(Your assignment)
Skip the pictures. Transcribe exactly the lines from the line containing "Before we start" to the end of the listing.

(Records for this exercise)
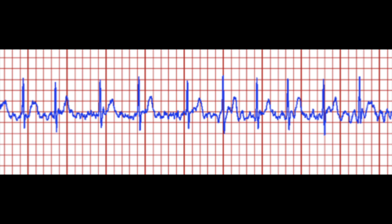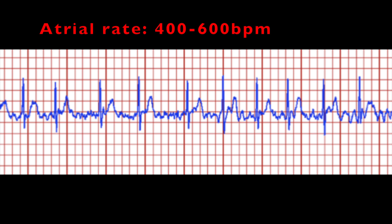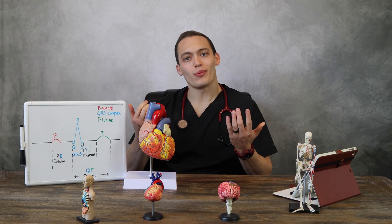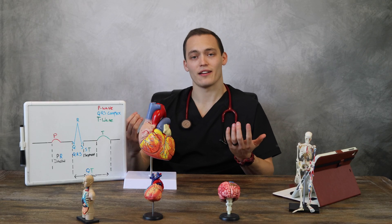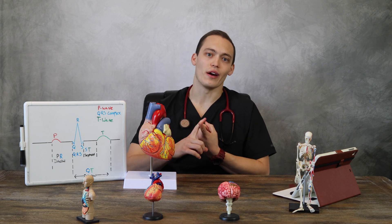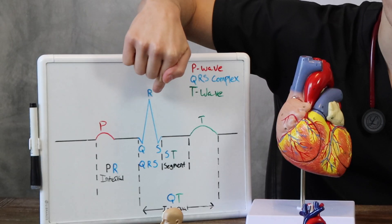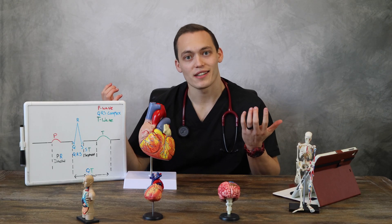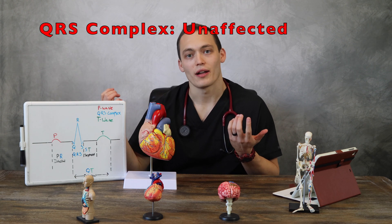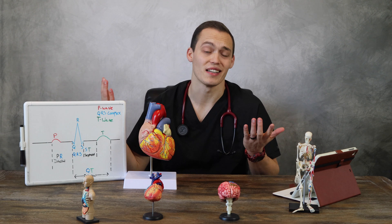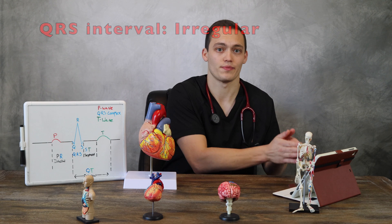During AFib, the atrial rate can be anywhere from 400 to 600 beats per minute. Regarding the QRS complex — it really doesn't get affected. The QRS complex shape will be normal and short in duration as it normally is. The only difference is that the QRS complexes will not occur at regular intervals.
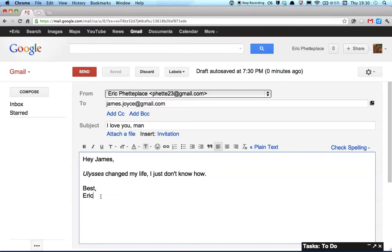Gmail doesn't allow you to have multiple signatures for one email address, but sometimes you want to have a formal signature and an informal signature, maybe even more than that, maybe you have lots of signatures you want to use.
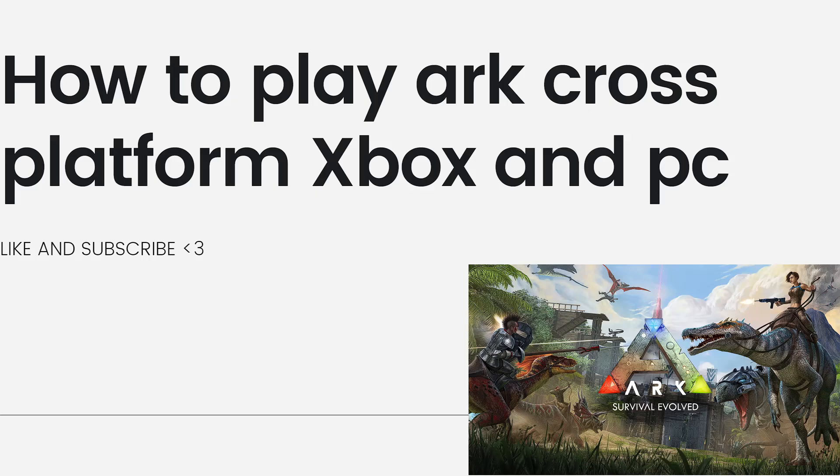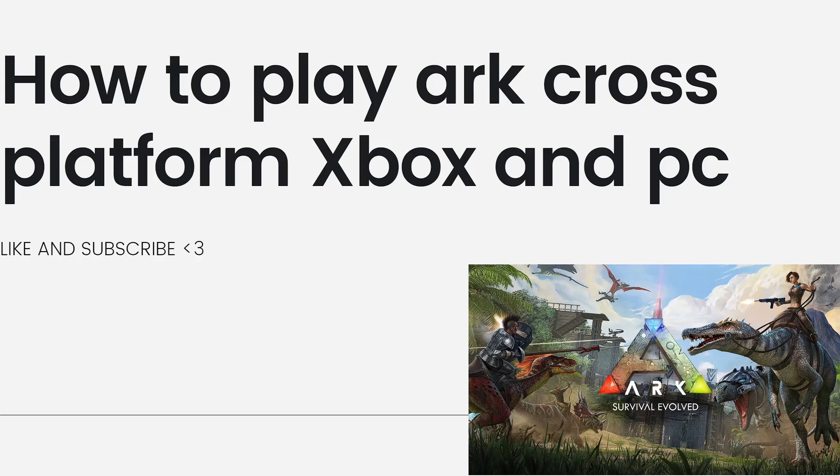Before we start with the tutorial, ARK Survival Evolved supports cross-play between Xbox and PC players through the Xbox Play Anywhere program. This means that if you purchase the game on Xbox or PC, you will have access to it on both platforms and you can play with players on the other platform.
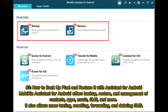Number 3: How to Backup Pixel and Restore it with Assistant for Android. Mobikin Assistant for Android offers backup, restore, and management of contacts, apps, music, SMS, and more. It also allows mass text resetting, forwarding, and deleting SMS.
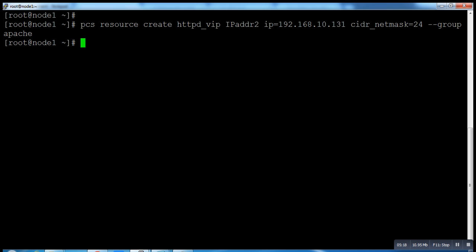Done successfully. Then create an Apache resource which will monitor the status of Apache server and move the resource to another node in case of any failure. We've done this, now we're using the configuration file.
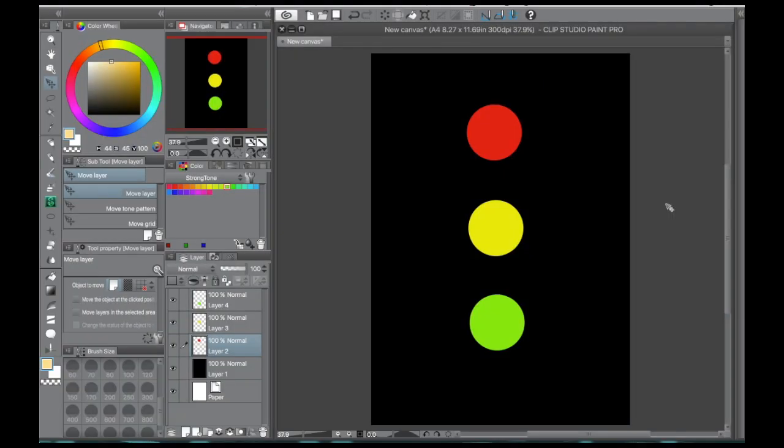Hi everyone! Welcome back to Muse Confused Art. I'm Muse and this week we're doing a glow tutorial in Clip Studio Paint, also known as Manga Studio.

(Response)
Before we start with the tutorial, ARK Survival Evolved supports cross-play between Xbox and PC players through the Xbox Play Anywhere program. This means that if you purchase the game on Xbox or PC, you will have access to it on both platforms and you can play with players on the other platform.
Number 3: How to Backup Pixel and Restore it with Assistant for Android. Mobikin Assistant for Android offers backup, restore, and management of contacts, apps, music, SMS, and more. It also allows mass text resetting, forwarding, and deleting SMS.
Done successfully. Then create an Apache resource which will monitor the status of Apache server and move the resource to another node in case of any failure. We've done this, now we're using the configuration file.
Hi everyone! Welcome back to Muse Confused Art. I'm Muse and this week we're doing a glow tutorial in Clip Studio Paint, also known as Manga Studio.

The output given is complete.